マーマレードが苦味が利いて美味しい。蓋に手書きで"Seville Orenge"とある。
「Chrisのお手製か? Seville Orengeとはどんなもの?」と訊ねると、スペイン産のオレンジで1・2月に出回る
マーマレード専用のオレンジだという。もちろん手作りで季節に大量に作るのだそうだ。セビリアといえば聞いた覚えもある。
Chrisはクッキングに限らず裁縫など家事が大好きだと言う。昨夜帰省した息子のTomも「お母さんのお料理は美味しいから、
子供の頃は太って困った。」と言う。
鳥取県に2年住んでいたと言うTomとも直ぐ打ち解けてあれこれ話が弾む。鳥取県の中学校で英語を教えていたらしい。
同じく鳥取県の小学校で英語を教えていたのが奥さんのSophiaだ。
Tomは日本各地を旅したようだ。京都・奈良を始め北海道から九州まで回ったそうだ。Japanese Gardenで好きなのは
竜安寺だと渋いことを言う。
Mikeから「今晩このメンバーでCroquetをしないか?」とのお誘いがある。「どこでするのか?」と聞くと、
「玄関の前の芝で。」との返事。”これが英国だ!”と感動し、是非教えて欲しいとお願いする。

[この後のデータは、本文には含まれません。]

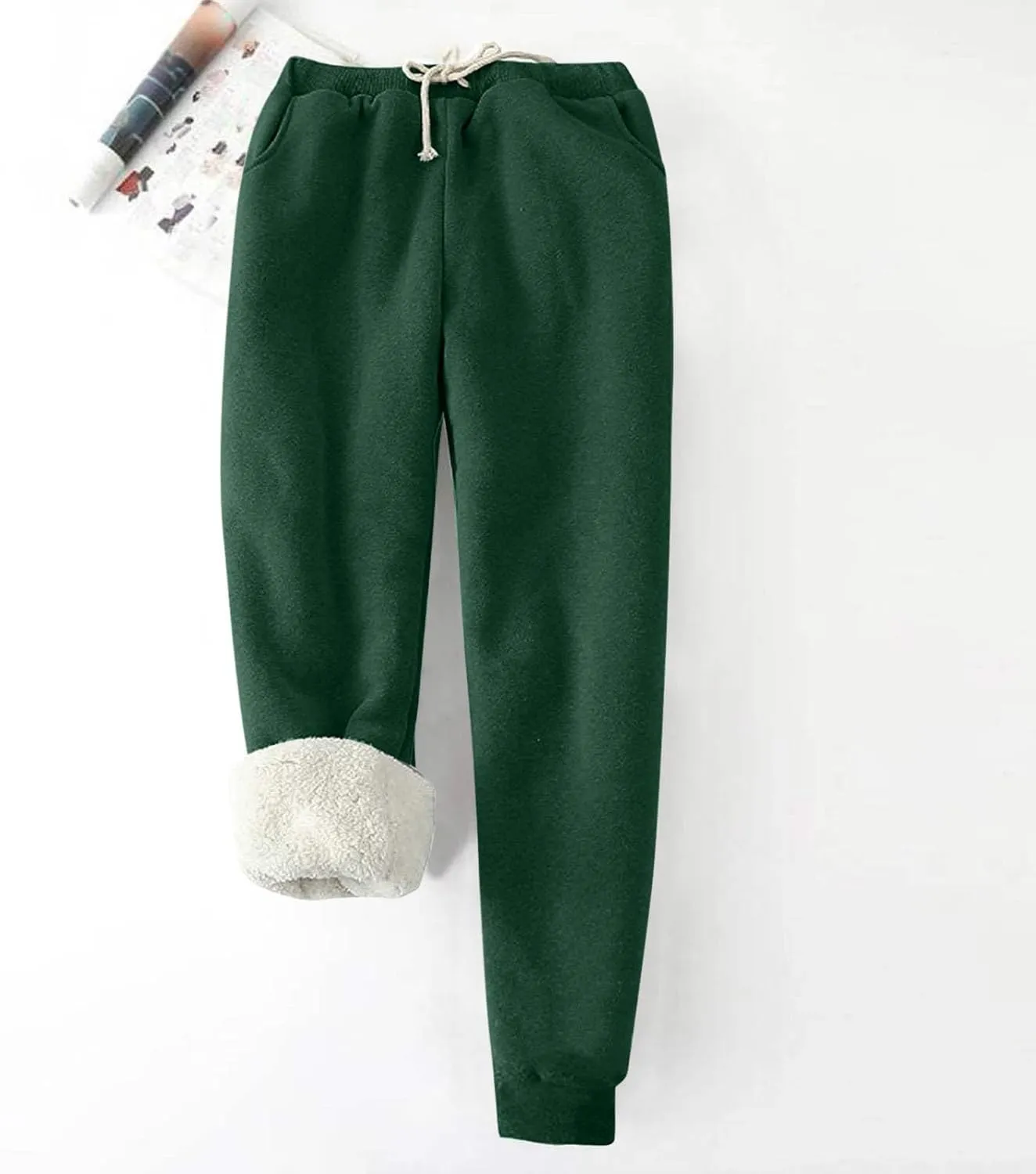 Womens Fleece Sweatpants Sherpa Lined Winter Warm Athletic Jogger Pants Plush Cozy Thermal Leggings with Pockets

一旦部屋に戻り、支度を済ませて出発しようと表に出ると、玄関前の芝にクロッケーのゲートがセットされ
ボールや木槌が用意されていた。好奇心で見ているとMikeが悪戯っぽい顔で「6時試合開始だ。」と言う。
楽しみだ。是非晴れて欲しいものだ。
Wilton House Garden
今日の最初の訪問地はWilton Houseだ。ジェーン・オースチン原作の「プライドと偏見(Pride & Prejudice)」や
「いつか晴れた日に(Sense & Sensibility)」など多くの映画の舞台となったお館だ。
昨年「プライドと偏見」を見た。美しいピーク・ディストリクトの風景が印象深い。豪華絢爛なお屋敷内部には関心は薄いのだが、
映画の舞台となったChatsworth HouseやHaddon Hallの素晴らしいガーデンは2003年に訪れた。

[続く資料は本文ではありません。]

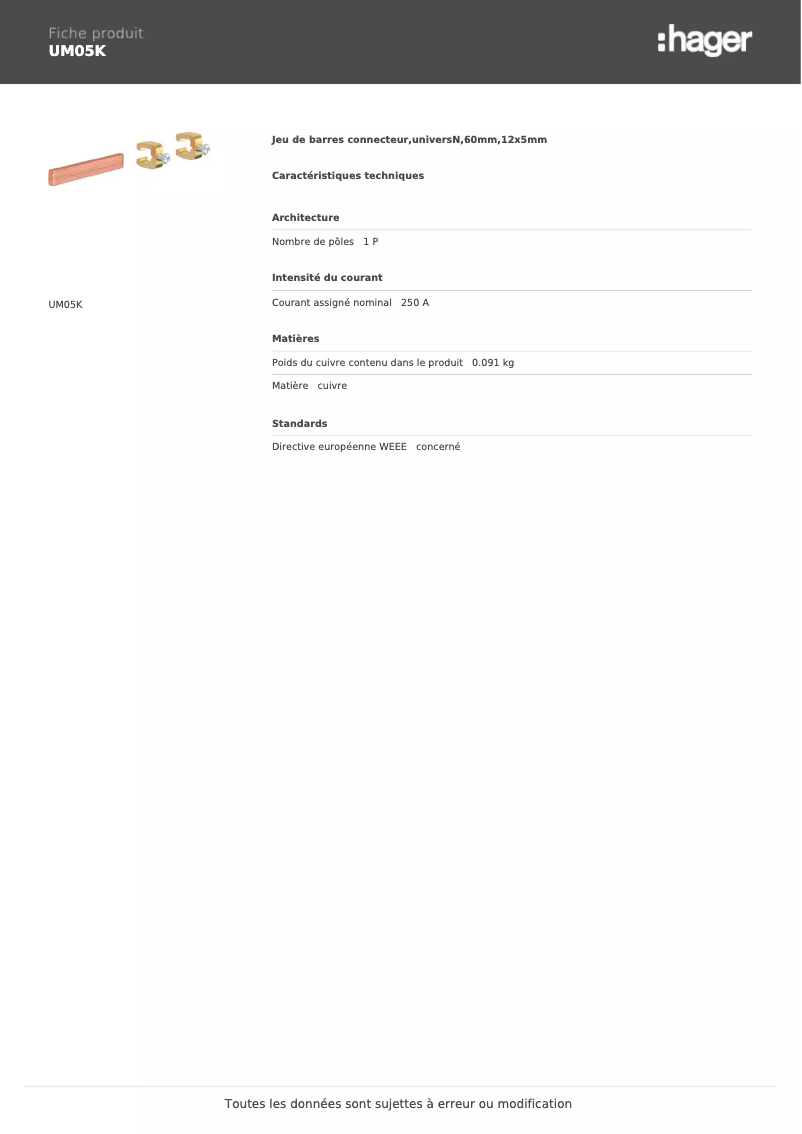 Image de la première page du manuel de l'appareil UM05K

Wilton Houseのガーデンも素晴らしかろうと、エリアからは少し外れているが訪ねることにした。
A303を飛ばすこと1時間、Salisbury近郊のWilton Houseに到着。立派な門構えだ。Visitorは別の入り口から入場し、
脇の門からお館の前庭に入る。塀や壁をクライミングするバラが時代を経たレンガと良く合う。車寄せの前に噴水が上がり、
その前の整形式ガーデンの植栽はハーブが中心だ。ここにはOld Riding Schoolも併設されているようだ。
お館内部はパスしてガーデンに出る。お館に沿って奥行きのあるボーダーが連なる。目を転ずれば広大な芝生の広場に
巨木がゆったりと植えられている。
お館の先に立派な橋が見える。Palladian Bridgeと言うらしい。重厚な橋だが開放されていない。流れる川はNadder川だ。
遠くの林の丘に神殿風の建物が見える。
一旦お館に戻り、お館前から真っ直ぐに伸びる道を歩く。途中に2000年を記念した水の落ちるモニュメントなどがあり、
突き当りがWhispering Seatだ。一方の端でささやいた声が反対の端で聞き取ることができる構造だという。おもしろい。
Whispering Seatの脇からキングサリのアーチが伸びている。その先にもオブジェがあり、
小山のように植え込みされたガーデンがある。フウロウソウや潅木の小道があり、芳香を放つ白バラのアーチが重たげだ。
護岸されていないNadder川は豊かにゆったりと静かに流れている。対岸にはボートハウスも見られる。
次に現れたモニュメントはEgyptian ColumnとLoggiaだ。土台と柱はエジプト花崗岩で柱の上の銅像はヴィーナスだ。
コラムは17世紀、ロッジは19世紀に造られたものだ。壮大なランドスケープだ。
Whispering Seatを反対側に行くとRose Gardenだ。黄色のハニーサックルと真っ赤なバラがビビットだ。
その先がWater Gardenとなっているが、どうやら日本庭園を模したものらしい。パンフレットによると
赤い太鼓橋はestate carpentersによって造られたとある。設計もestate Gardenerによるものであろう。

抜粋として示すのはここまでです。